New Energy Solar has acquired its first Australian asset with the purchase of 100 percent of the Manildra Solar Farm in New South Wales for an enterprise value of about A$113 million ($83.86 million; €72.02 million).
The seller is US photovoltaic manufacturer First Solar and the deal represents New Energy Solar’s first foray into the Australian market after building up a significant portfolio of assets in the US since it was established in November 2015.
Manildra is an operating asset with a capacity of 55.9MW. It has a 10-year power-purchase agreement with EnergyAustralia, the third largest electricity retailer in the country, with an option to extend to 2030.

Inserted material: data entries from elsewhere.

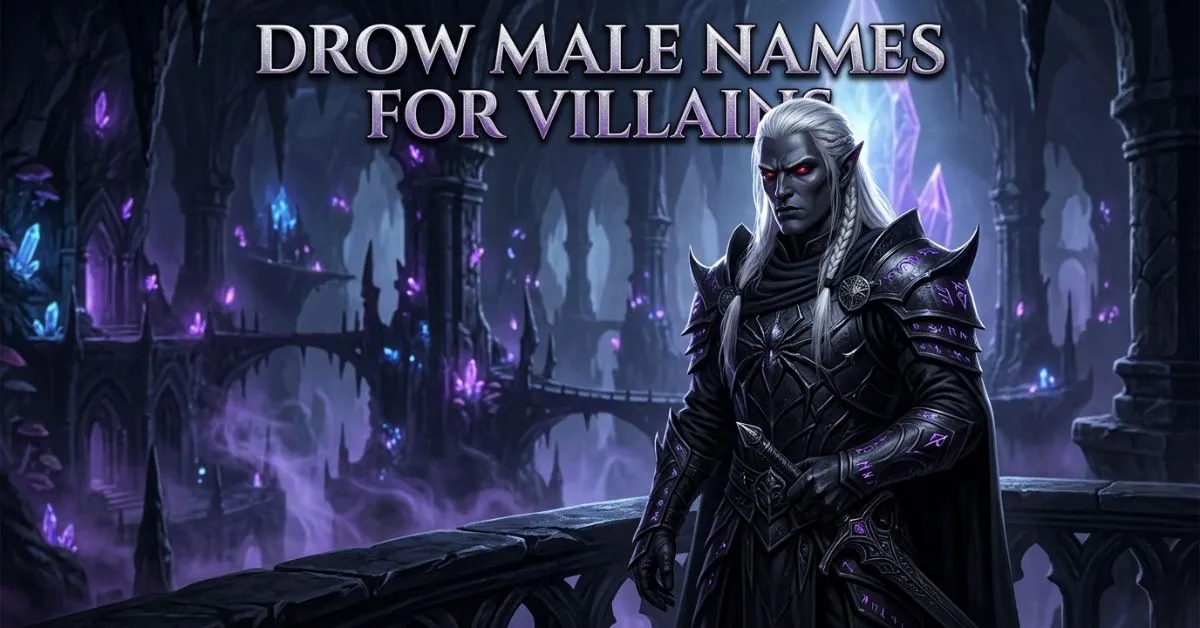  Drow Male Names For Villains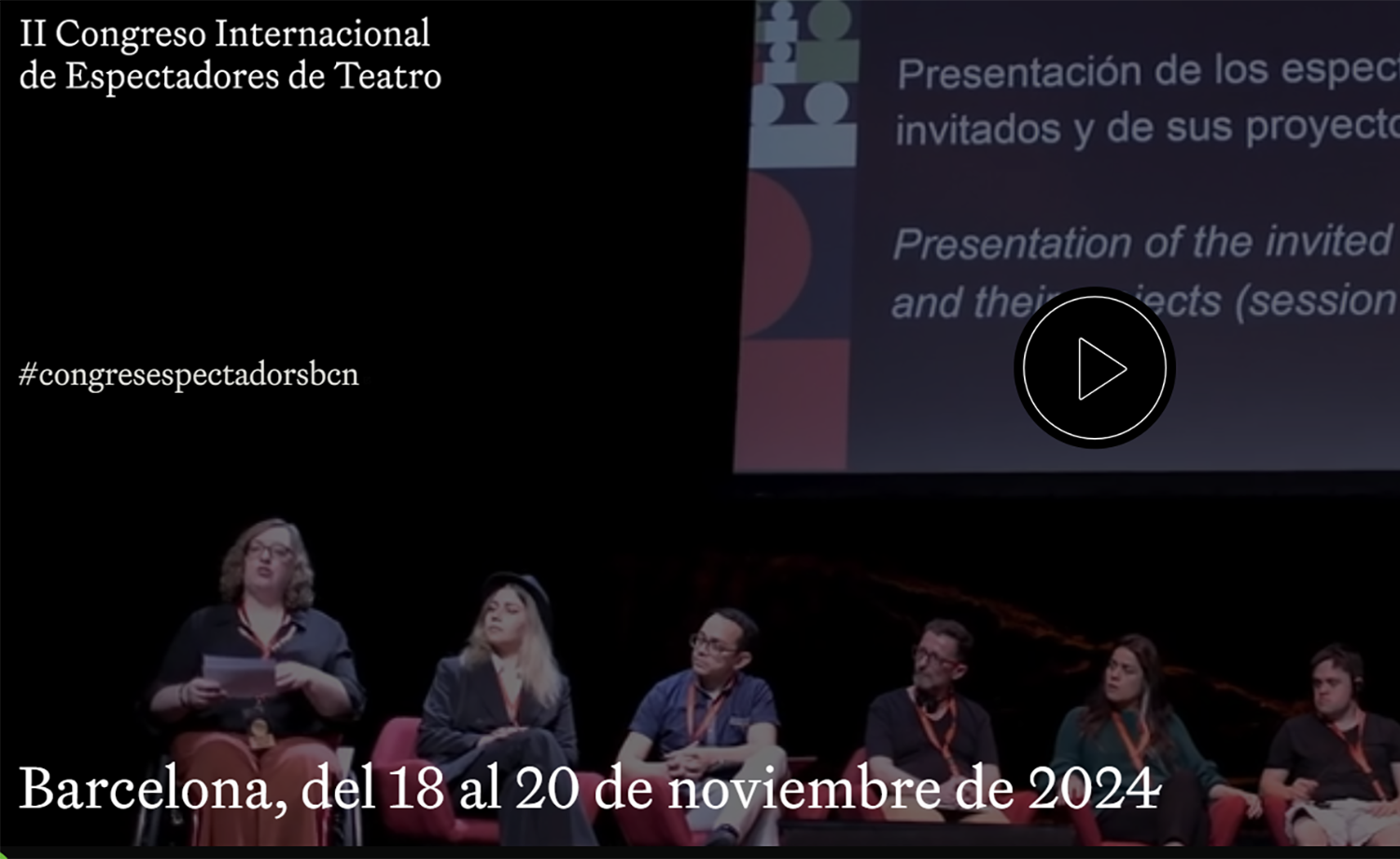 II Congreso Internacional de Espectadores de Teatro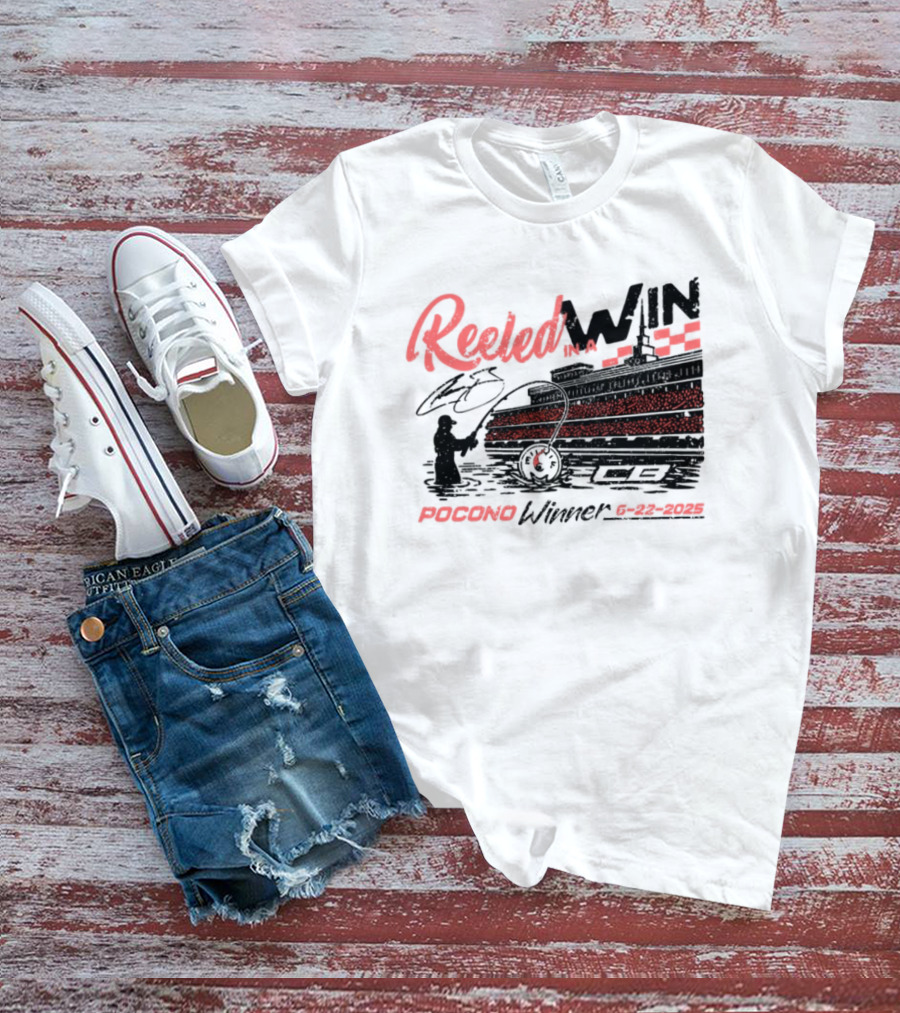 Chase Briscoe Reeled In Pocono Win 06-26-2022 T-Shirt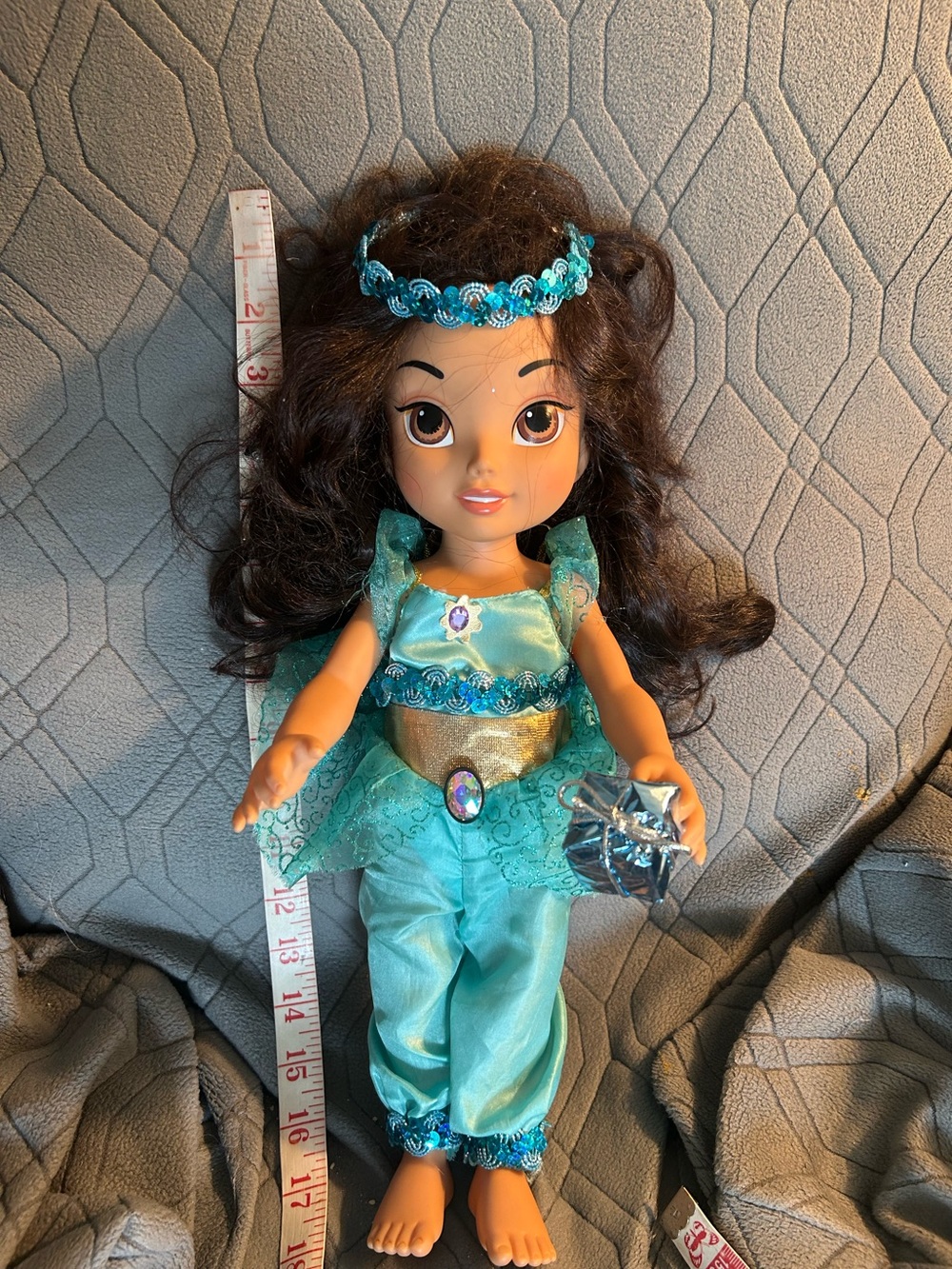 Jasmine Turquoise Princess Fashion Doll for Kids Vintage
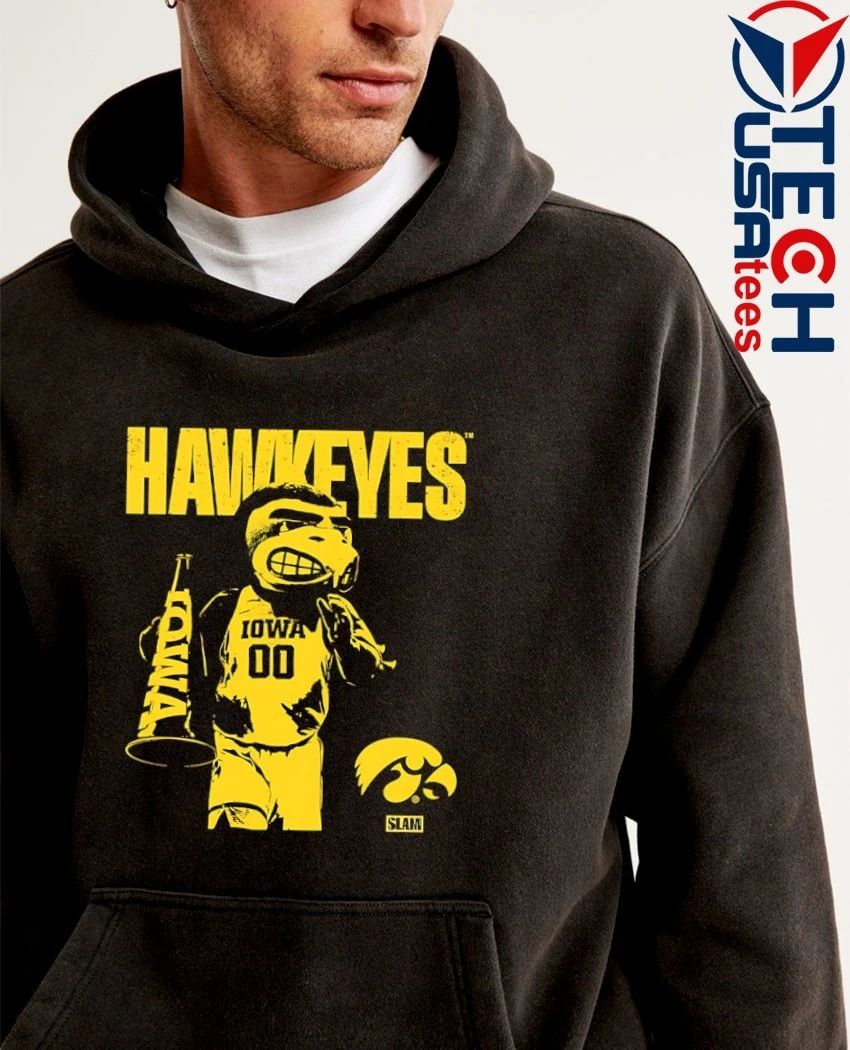 Iowa Hawkeyes mascot mode vintage shirt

In a statement, New Energy Solar said Manildra had a target unlevered five-year annual average gross yield of 7.6 percent per annum compared with the current gross annualised yield on its existing operating portfolio of approximately 6.6 percent per annum. The project yield is expected to grow with underlying price escalation in the PPA.
The plant is expected to generate more than 118,000MWh of electricity annually, equivalent to displacing more than 91,000 tonnes of CO2 emissions per annum.
Speaking to Infrastructure Investor, New Energy Solar CEO John Martin said the company had considered investing in Australian assets before, but that changes in market conditions meant that now was the right time for the firm to make its move.
“We’ve always said that any Australian investments would need to be consistent with the investments we’ve made in the US,” he said. “That means they have long offtake agreements, generate good yields, and have been developed by credible developers using tier one equipment.
“I’ve said before that too many investors with Australia-only mandates were chasing too few deals [in renewables]. We’ve seen a change in the Australian market now, where a lot of the froth and bubble from last year has dissipated, and the market is pricing things more sensibly now.”
In particular, this meant a recognition that renewables would help push down wholesale energy prices in future, he said. The Manildra acquisition was also attractive from a portfolio diversification perspective, Martin added.
On the prospect of whether New Energy Solar would make further investments in Australia, Martin said: “I really hope so. We’ve been looking at a few projects here that we like the look of, but it will always have to be consistent with our other investments as we see tons of opportunities.”
Investors should not be deterred by the National Energy Guarantee, he added. “The NEG’s not transformative – everyone’s just saying we need a framework to work with, and think the NEG is workable from that perspective,” he said.
Once the Manildra transaction is complete and committed and in-construction assets in the US are operational, New Energy Solar’s portfolio will comprise interests in more than 730MW of operating solar projects across the US and Australia, with a weighted average PPA term of 17 years.
Its operational assets include the 124.9MW-capacity Boulder Solar I project near Boulder City, Nevada, in which New Energy Solar holds a 49 percent stake. It is currently constructing the 199.6MW-capacity Mount Signal 2 project in Imperial Valley California, alongside several other projects.